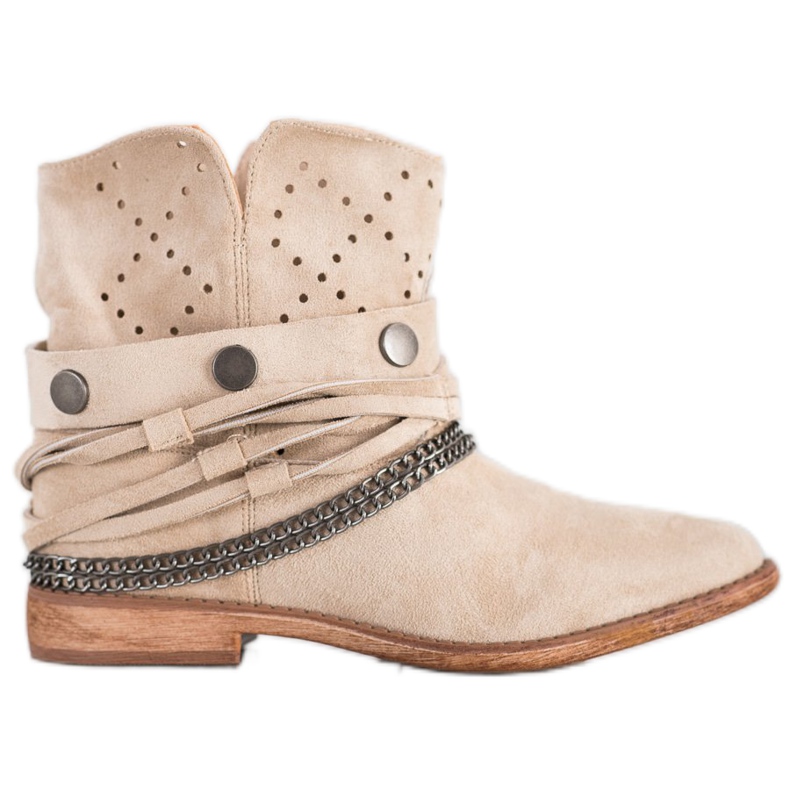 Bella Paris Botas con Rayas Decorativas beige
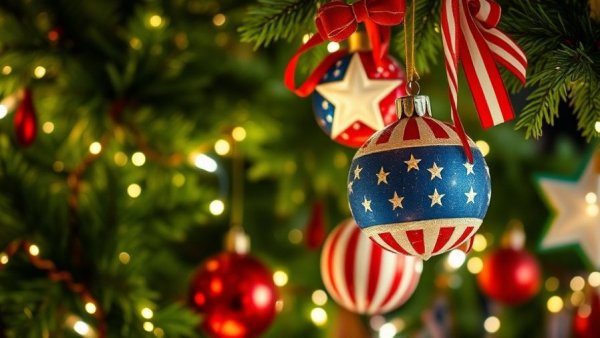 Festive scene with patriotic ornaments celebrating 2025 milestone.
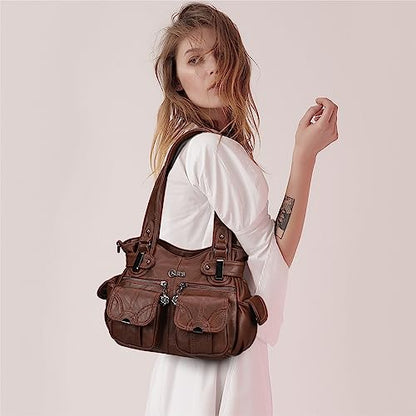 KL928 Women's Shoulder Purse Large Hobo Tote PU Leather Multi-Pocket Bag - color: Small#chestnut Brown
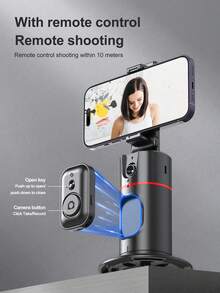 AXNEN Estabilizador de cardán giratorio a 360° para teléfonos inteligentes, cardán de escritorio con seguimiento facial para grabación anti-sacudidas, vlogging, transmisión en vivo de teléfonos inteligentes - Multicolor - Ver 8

▶ **Task brief**
Repeat word for word the lines from the one holding "Festive scene with" through the last line of the listing above, including both ends. Drop the pictures.

▶ **Reply to the task**
 Festive scene with patriotic ornaments celebrating 2025 milestone.
 KL928 Women's Shoulder Purse Large Hobo Tote PU Leather Multi-Pocket Bag - color: Small#chestnut Brown
 AXNEN Estabilizador de cardán giratorio a 360° para teléfonos inteligentes, cardán de escritorio con seguimiento facial para grabación anti-sacudidas, vlogging, transmisión en vivo de teléfonos inteligentes - Multicolor - Ver 8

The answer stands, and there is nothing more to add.